Start at the line below containing "Retro Plaid Jumpsuit" and stop at the line containing "chimpanzee angel with a purple heart sticker". Repeat every line of that stretch exactly, and nothing outside it.

● DATA IN THIS EXERCISE:
-- -- --

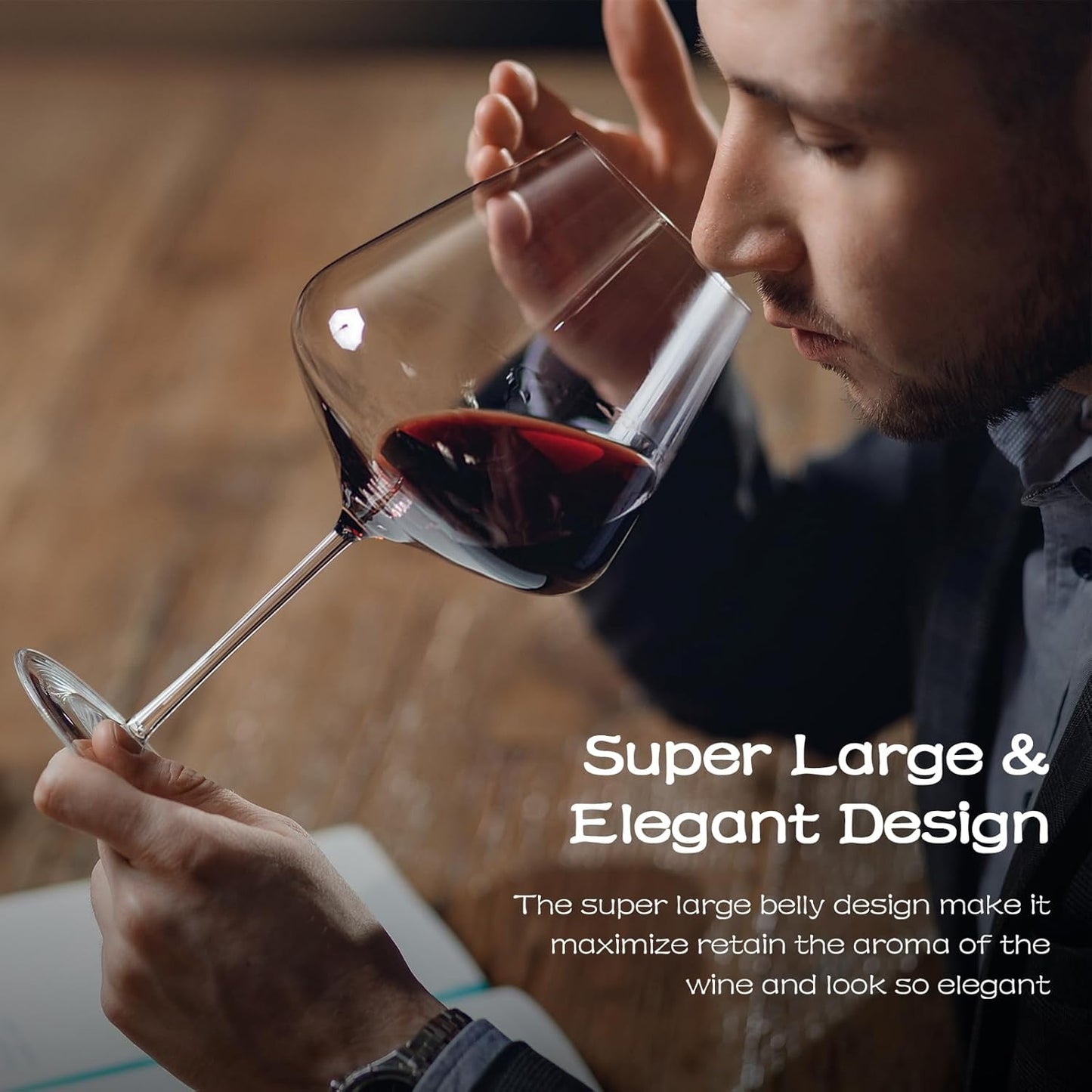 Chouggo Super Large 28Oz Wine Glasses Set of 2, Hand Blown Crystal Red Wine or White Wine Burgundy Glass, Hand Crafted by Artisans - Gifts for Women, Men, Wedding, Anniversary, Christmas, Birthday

-- -- --

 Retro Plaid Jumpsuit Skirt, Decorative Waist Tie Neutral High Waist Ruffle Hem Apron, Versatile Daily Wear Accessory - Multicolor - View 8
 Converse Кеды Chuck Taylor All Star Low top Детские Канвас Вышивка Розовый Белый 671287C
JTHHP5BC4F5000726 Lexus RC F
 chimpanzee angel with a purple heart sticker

-- -- --

● SOLUTION:
 Retro Plaid Jumpsuit Skirt, Decorative Waist Tie Neutral High Waist Ruffle Hem Apron, Versatile Daily Wear Accessory - Multicolor - View 8
 Converse Кеды Chuck Taylor All Star Low top Детские Канвас Вышивка Розовый Белый 671287C
JTHHP5BC4F5000726 Lexus RC F
 chimpanzee angel with a purple heart sticker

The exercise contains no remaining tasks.